Reformulation of Fundamental Theorem of Arithmetic

Question

My book claims the following.

The fact that for coprime numbers $a$ and $b$ there exists integers $x$ and $y$ such that $ax-by=1$ is called the fundamental theorem of arithmetic.

Obviously, this is not the standard statement of the fundamental theorem of arithmetic (which instead talks about the uniqueness of prime factorization). My question is: how are the two formulations the same?

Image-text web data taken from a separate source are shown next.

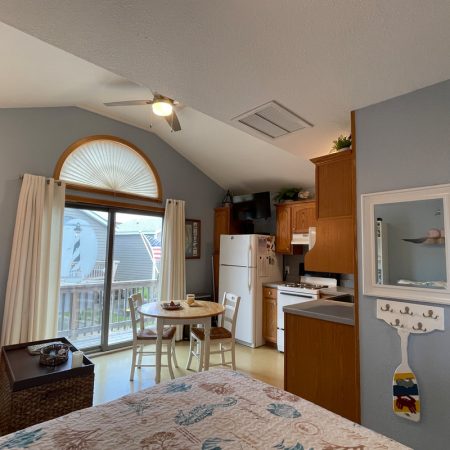 Small kitchen and dining area in a cozy studio with a bed, balcony door, and vaulted ceiling.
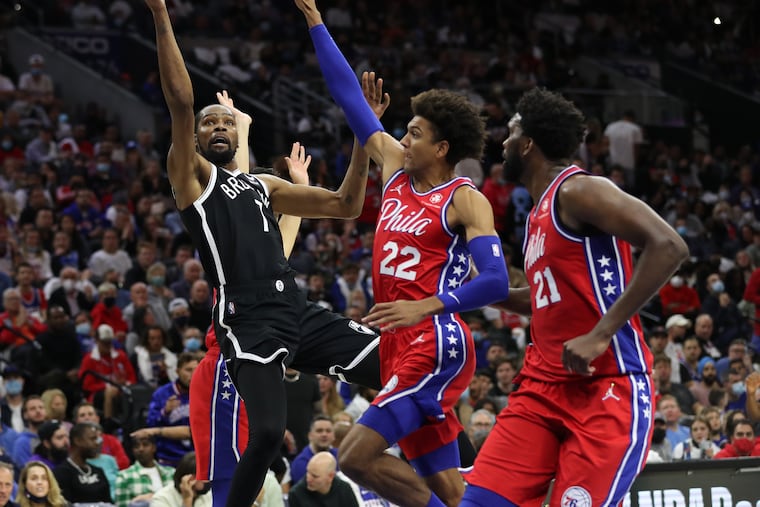 Kevin Durant, left, of the Nets shoots against Matisse Thybulle, center, and Joel Embiid, right, of the Sixers during the second half of the Sixers' home opener at the Wells Fargo Center.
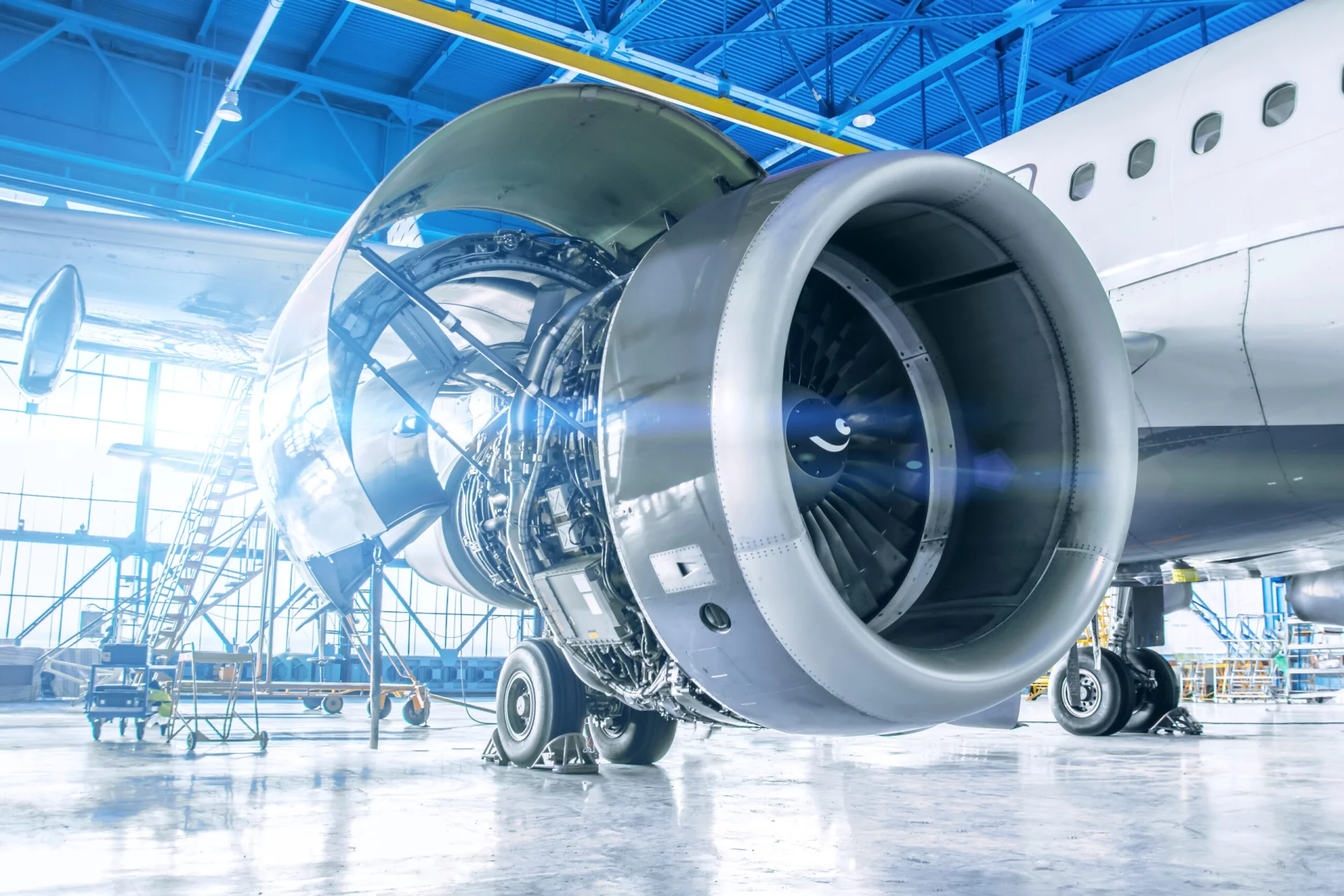 airplane being constructed in airplane hangar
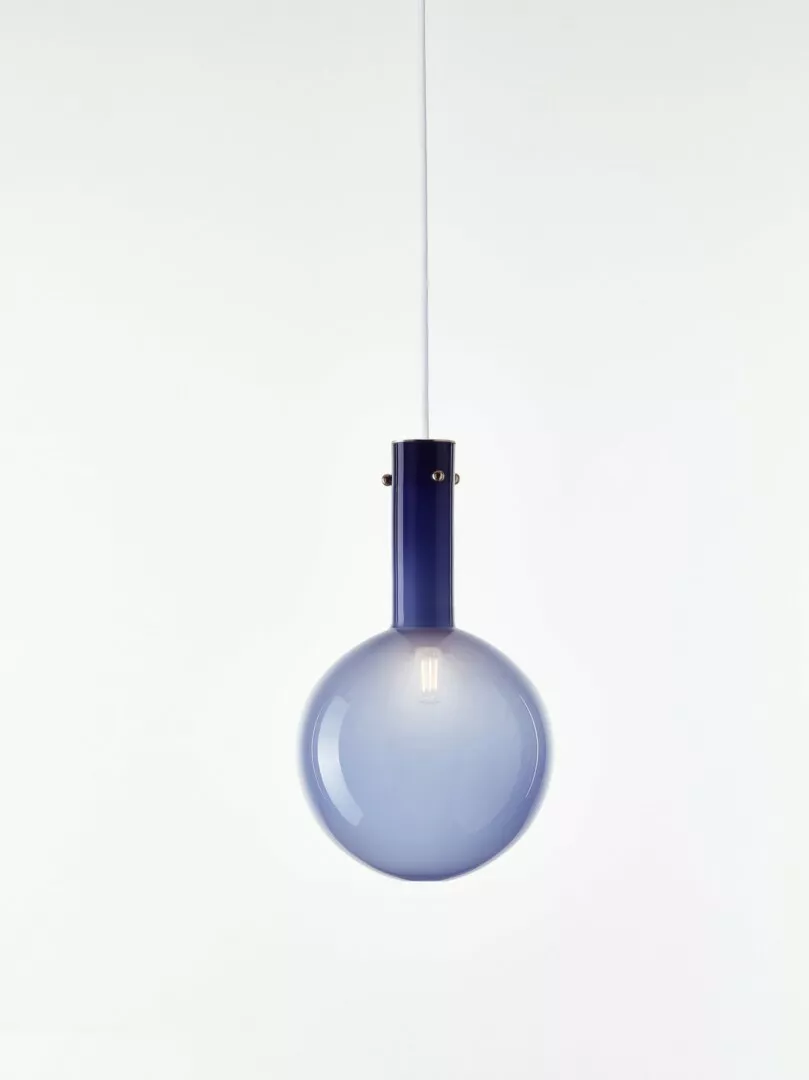 Modern blue pendant light hanging against white background.
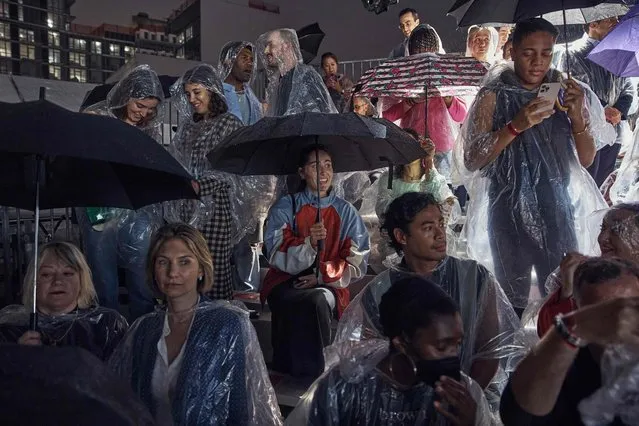 Guests wait under the rain for the Tommy Hilfiger runway show during New York Fashion Week in New York City on September 11, 2022. (Photo by Andres Kudacki/AFP Photo)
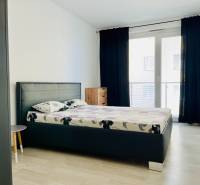 Bedroom in a 3-room apartment with a bed, nightstands, and a floor with a wooden decor.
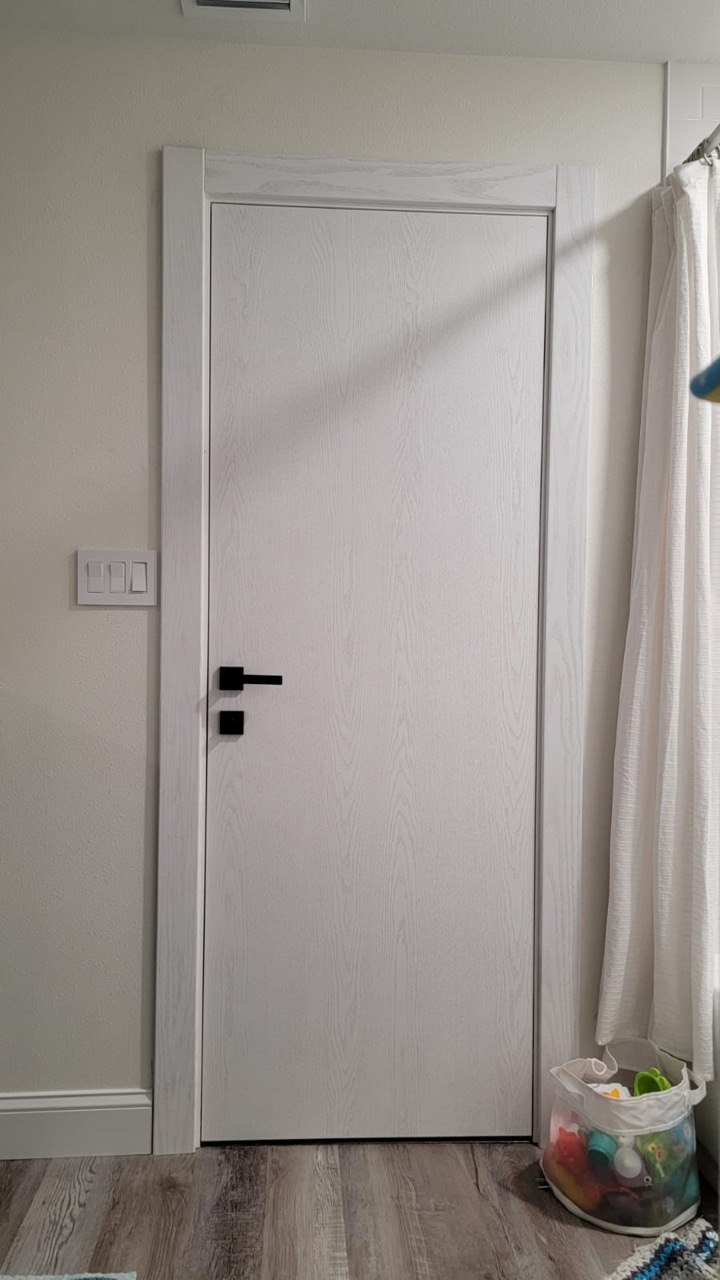 White woodgrain interior door with a matte-black lever handle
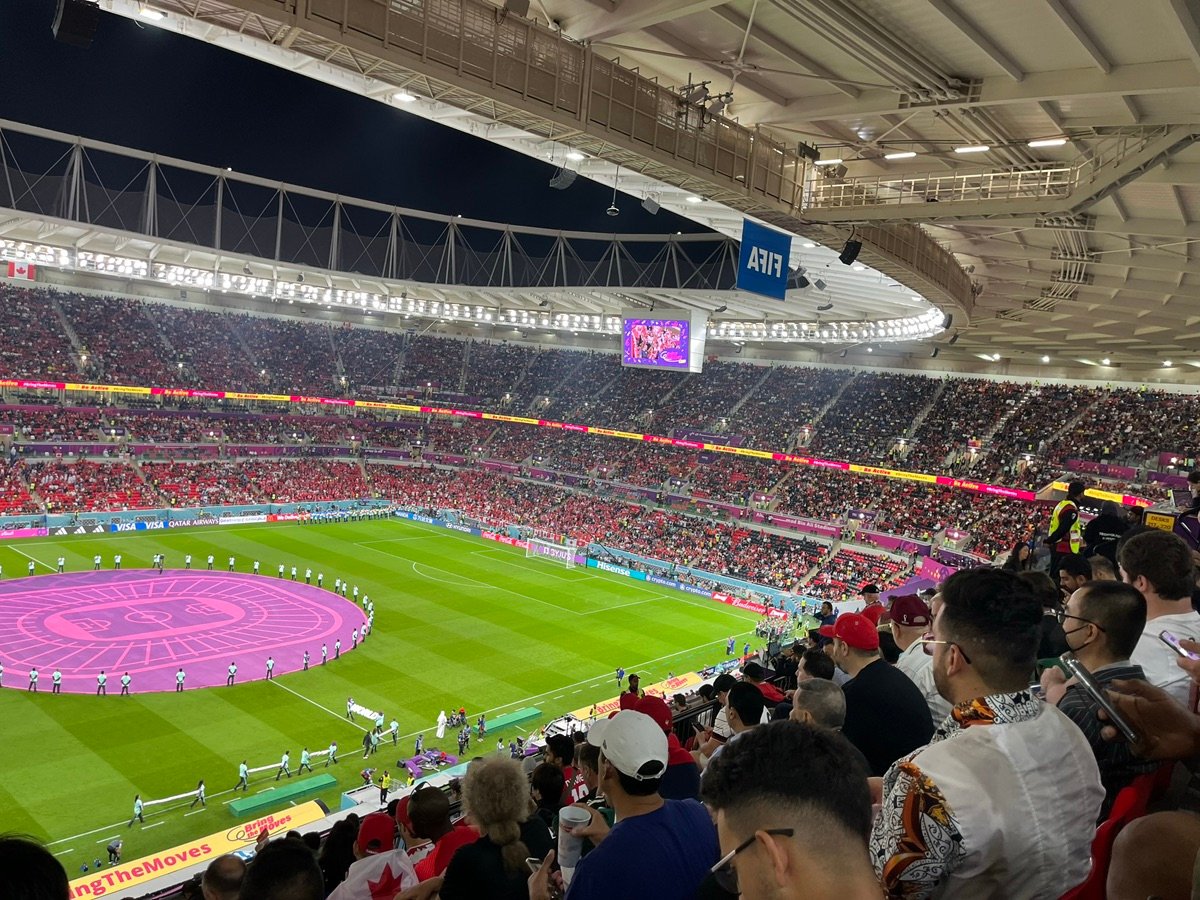 Interior view of Ahmad Bin Ali Stadium, showing the large screen and spectator stands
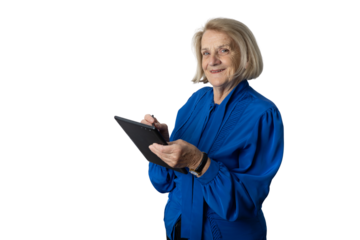 Senior woman using digital tablet smiling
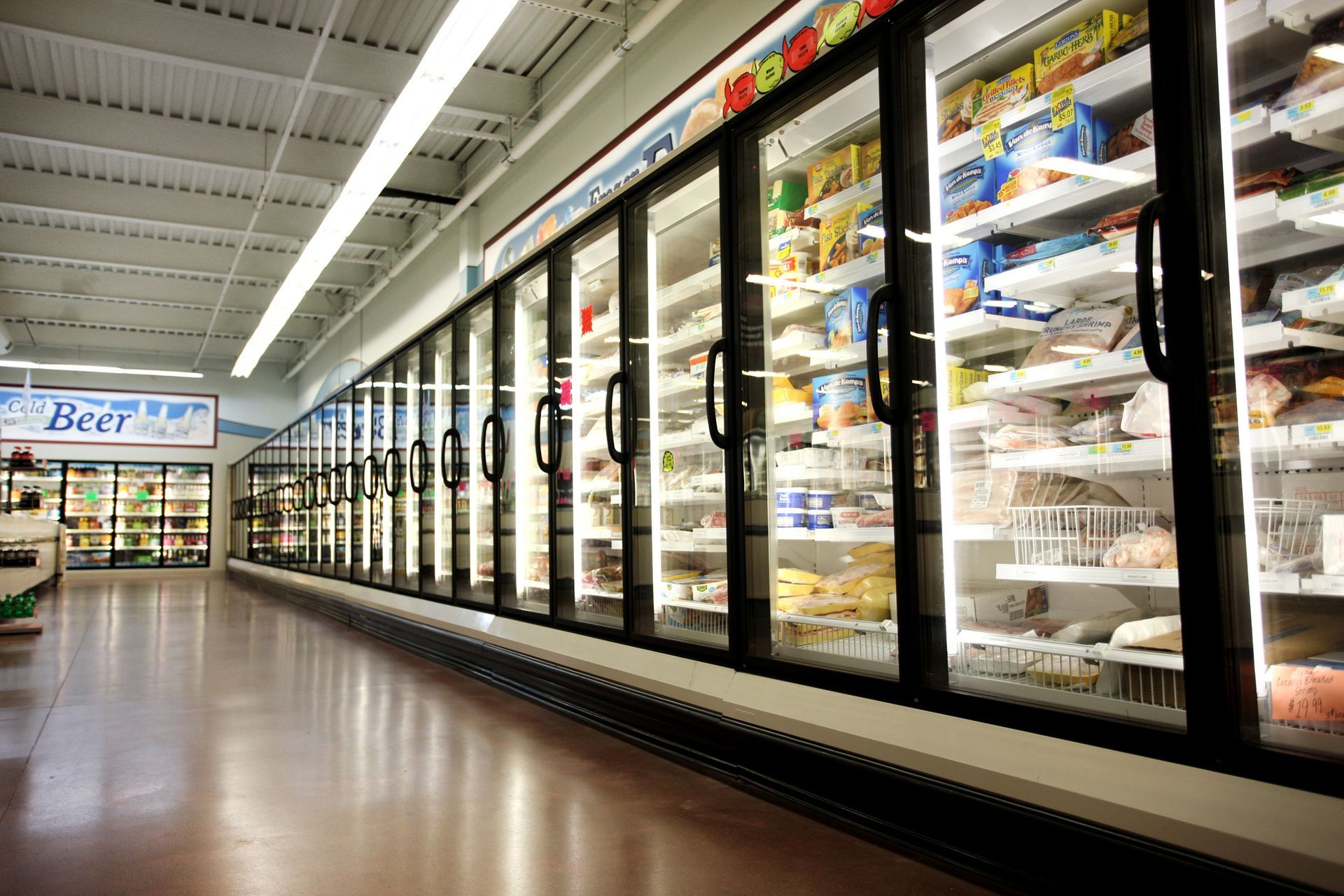 Empty grocery aisle with glass-door refrigerators filled with products.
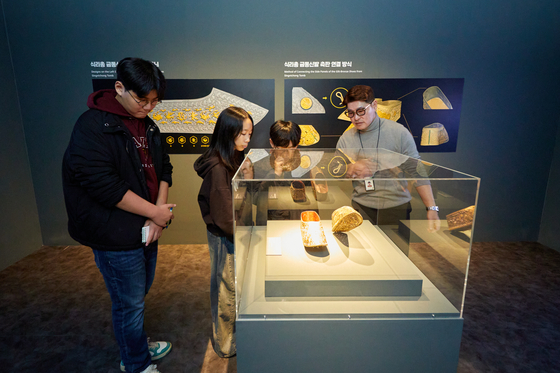 디지털로 복원해 100년 만에 완전한 형태를 갖춘 식리총 금동신발 재현품을 살펴보는 소중 학생기자단.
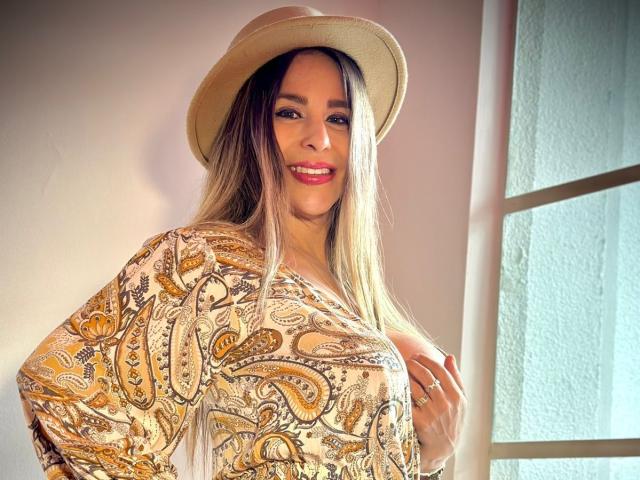 VictoriaJhonnes, con lunghi capelli biondi, indossa un cappello beige e una camicia con motivo paisley, sorride con il rossetto rosso, mostrando il seno, ed è in piedi vicino a una finestra..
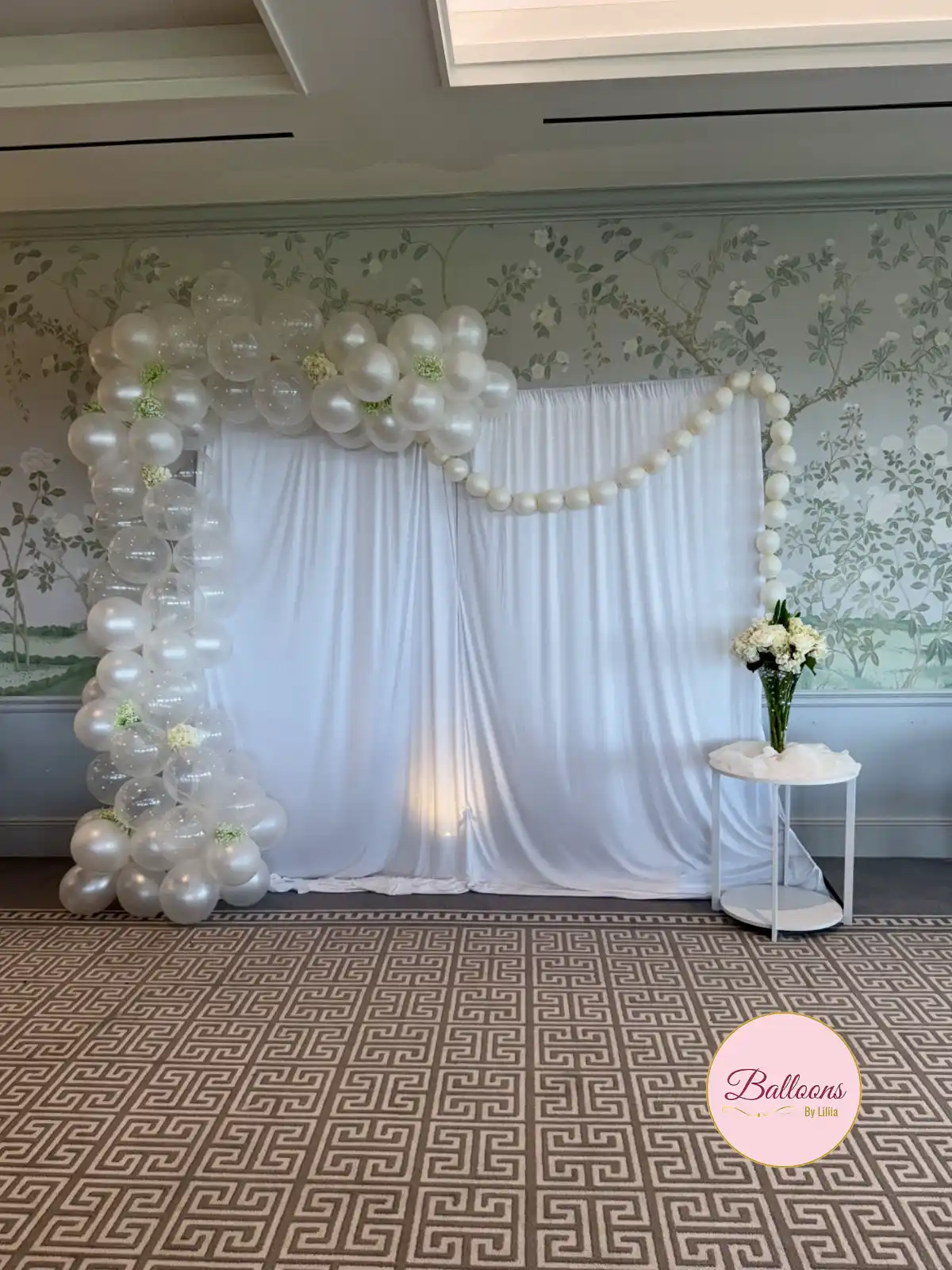Champagne and ivory organic balloon arch at a Jersey City wedding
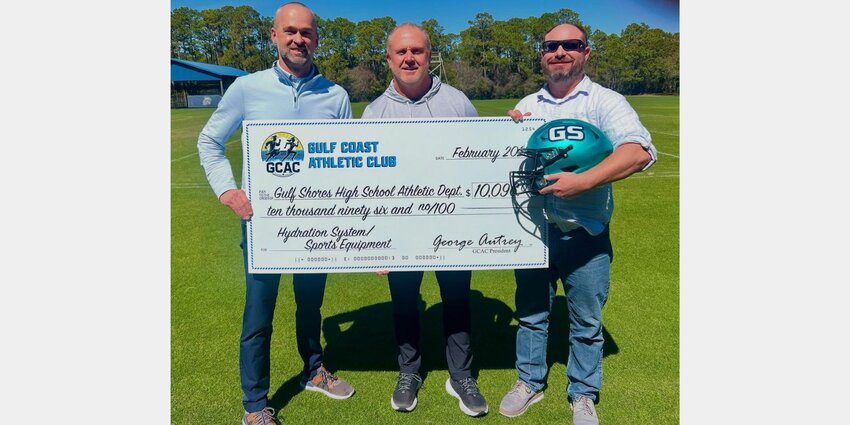 Gulf Shores head football coach Mark Hudspeth was presented with a donation check from George Autrey and Taylor Means from the Gulf Coast Athletic Club before spring practice got underway. The $10,096 check will go toward a hydration system and equipment as the Dolphins gear up for their second season back in Class 6A Region 1.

I at least understand one direction: if two numbers are coprime, then their greatest common divisor is $1$, so the existence of $x$ and $y$ follows from Bézout's lemma. But why is it true that the existence of the integers $x$ and $y$ for coprime $a$ and $b$ implies unique prime factorization?

Answer 1

The property that for elements $a$ and $b$ with greatest common divisor, $d$, there exists elements $x$ and $y$ such that $ax + by = d$ is called Bézout's identity. Integral domains with this property are called Bézout domains. An integral domain in which every element can be written in an essentially unique way as a product of primes is called a unique factorization domain (or UFD). The ring $\Bbb{Z}$ of integers has both these properties, so in a trivial sense, these properties are equivalent (in $\Bbb{Z}$), because they are both true. It is the fact that $\Bbb{Z}$ is a UFD that is known (by everyone, AFAIK, except the authors of this book) as the fundamental theorem of arithmetic.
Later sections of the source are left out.